EXERCISE INPUT -
=== Begin Enclosure ===
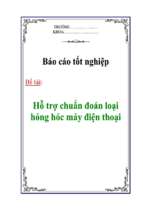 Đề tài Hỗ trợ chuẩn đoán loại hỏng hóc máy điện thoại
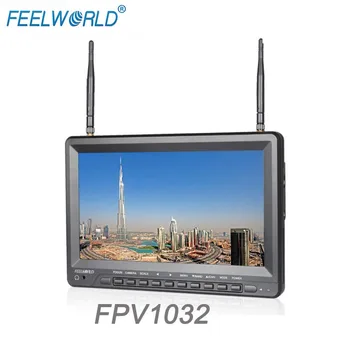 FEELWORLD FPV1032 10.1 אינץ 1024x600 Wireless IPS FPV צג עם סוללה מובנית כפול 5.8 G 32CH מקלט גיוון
=== End Enclosure ===
=== Begin Enclosure ===
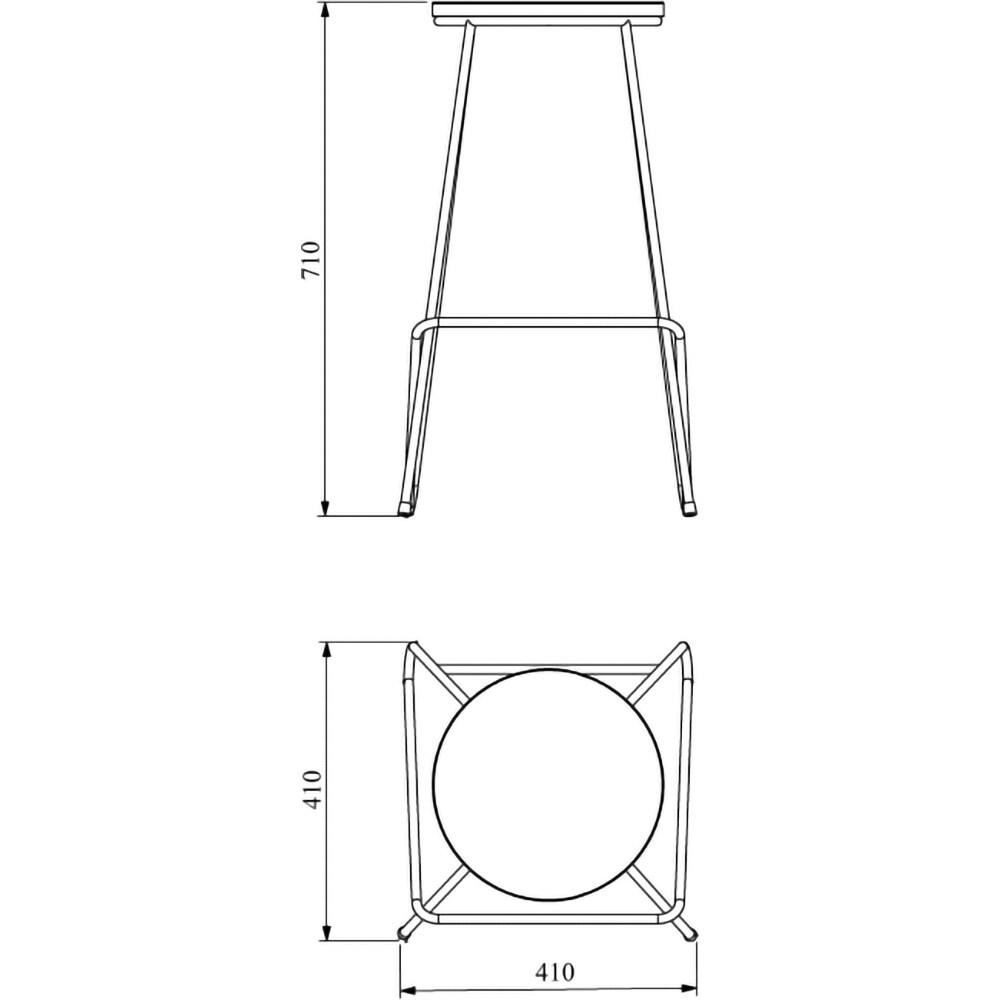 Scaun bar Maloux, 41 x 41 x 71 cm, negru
=== End Enclosure ===
=== Begin Enclosure ===
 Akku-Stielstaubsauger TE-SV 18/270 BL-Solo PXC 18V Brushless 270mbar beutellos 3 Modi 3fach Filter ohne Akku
=== End Enclosure ===
TASK DETAILS - Copy exactly the part of the material above that opens with the line containing "Đề tài Hỗ trợ" and closes with the line containing "FEELWORLD FPV1032 10.1", ends included. Drop the images.

SOLUTION BELOW -
 Đề tài Hỗ trợ chuẩn đoán loại hỏng hóc máy điện thoại
 FEELWORLD FPV1032 10.1 אינץ 1024x600 Wireless IPS FPV צג עם סוללה מובנית כפול 5.8 G 32CH מקלט גיוון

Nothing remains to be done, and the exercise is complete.